No. 182.United States District Court, N.D. Texas, Fort Worth Division
April 17, 1940.

West Page 133

J.J. Shaw, of Houston, Tex., and Amos M. Felts, of Austin, Tex., for plaintiff.

Scott Wilson, of Waco, Tex., and Baker, Botts, Andrews
Wharton, of Houston, Tex., for defendant.

Before HUTCHESON, Circuit Judge, and KENNERLY and BRYANT, District Judges.

HUTCHESON, Circuit Judge.

Plaintiff, a motor carrier operator, brought this suit to set aside an order of the Interstate Commerce Commission, finally denying him a “grandfather” certificate[1] on the ground that operating without permit or certificate from the Railroad Commission of Texas, and in a continual state of conflict with it, he was not, within the Federal Motor Carrier Act, 49 U.S.C.A. § 301 et seq., in bona fide operation.

Complainant, pointing out that his operations have always been in interstate, never in intrastate, commerce, insists (1) that the Railroad Commission of Texas has and had no authority either to permit or to interfere with such operations, and (2) that if it has, complainant on June 1, 1935, and throughout the years of his operation, was of the bona fide belief that it did not have such authority, and was maintaining this belief in the courts as he was by law allowed to do.

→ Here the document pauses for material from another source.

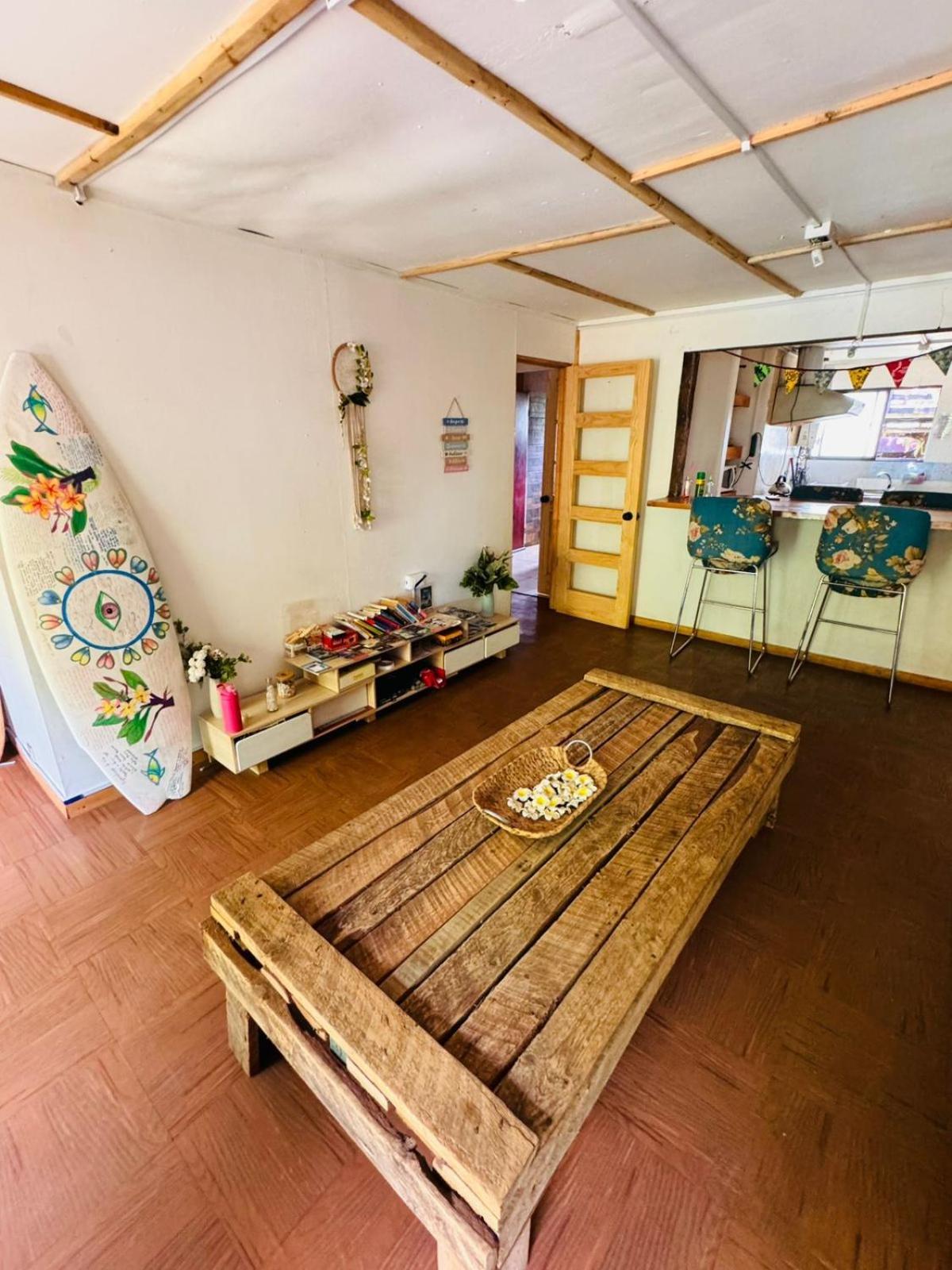 Mata Nui Eco Hostel هانجا روا المظهر الخارجي الصورة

He insists that this being so, it may not be claimed that merely because he finally lost in the courts, his suit against the State Commission, his operations in the interim were not completely bona fide.

In addition to his attack upon the order dismissing his application, as erroneously denying him a “grandfather” certificate, McDonald complains of it as oppressive and unwarranted, in view of his additional application before the commission under Section 307(a),[2] and his request that his two applications be consolidated and determined together. His contention here being that the commission should have withheld action on his “grandfather” application and determined both applications together, thus continuing his right to operate under the “grandfather” application until all the rights asserted by him had been finally and fully decided.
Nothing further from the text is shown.